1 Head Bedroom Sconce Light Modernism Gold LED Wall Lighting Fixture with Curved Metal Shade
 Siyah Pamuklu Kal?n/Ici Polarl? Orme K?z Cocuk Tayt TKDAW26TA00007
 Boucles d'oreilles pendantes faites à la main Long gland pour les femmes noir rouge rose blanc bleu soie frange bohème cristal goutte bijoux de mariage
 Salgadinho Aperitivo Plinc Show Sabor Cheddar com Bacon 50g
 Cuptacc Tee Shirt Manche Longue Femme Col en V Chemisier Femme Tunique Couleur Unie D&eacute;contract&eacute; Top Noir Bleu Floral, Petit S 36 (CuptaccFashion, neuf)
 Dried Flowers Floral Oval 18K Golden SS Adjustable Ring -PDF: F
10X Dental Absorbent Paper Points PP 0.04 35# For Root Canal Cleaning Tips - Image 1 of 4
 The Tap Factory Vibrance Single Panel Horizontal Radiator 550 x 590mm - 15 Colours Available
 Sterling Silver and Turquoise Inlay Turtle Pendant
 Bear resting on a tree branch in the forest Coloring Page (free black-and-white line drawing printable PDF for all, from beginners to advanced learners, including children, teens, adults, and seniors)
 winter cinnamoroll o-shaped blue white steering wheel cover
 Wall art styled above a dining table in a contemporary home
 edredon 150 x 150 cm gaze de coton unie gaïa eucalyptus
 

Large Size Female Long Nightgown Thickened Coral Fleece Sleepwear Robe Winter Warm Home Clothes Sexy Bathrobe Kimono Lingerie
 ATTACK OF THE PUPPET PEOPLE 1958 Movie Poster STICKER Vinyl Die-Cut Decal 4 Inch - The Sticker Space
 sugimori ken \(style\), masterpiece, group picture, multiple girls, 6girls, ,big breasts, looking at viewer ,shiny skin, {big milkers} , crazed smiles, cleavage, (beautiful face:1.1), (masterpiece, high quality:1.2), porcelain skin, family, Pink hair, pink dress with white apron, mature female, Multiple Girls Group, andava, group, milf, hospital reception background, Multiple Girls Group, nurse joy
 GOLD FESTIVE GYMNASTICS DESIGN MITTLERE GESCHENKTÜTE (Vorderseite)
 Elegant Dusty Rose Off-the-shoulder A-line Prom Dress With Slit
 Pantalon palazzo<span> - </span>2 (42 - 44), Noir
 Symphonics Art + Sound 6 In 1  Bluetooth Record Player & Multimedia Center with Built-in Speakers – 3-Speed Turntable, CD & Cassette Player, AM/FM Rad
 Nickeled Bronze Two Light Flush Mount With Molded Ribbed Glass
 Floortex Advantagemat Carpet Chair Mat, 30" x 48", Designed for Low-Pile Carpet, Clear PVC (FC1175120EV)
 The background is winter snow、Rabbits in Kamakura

==========

* **Task statement**: Show every line above in which the word "Wall" occurs.

* **Answer to this problem**:
1 Head Bedroom Sconce Light Modernism Gold LED Wall Lighting Fixture with Curved Metal Shade
 Wall art styled above a dining table in a contemporary home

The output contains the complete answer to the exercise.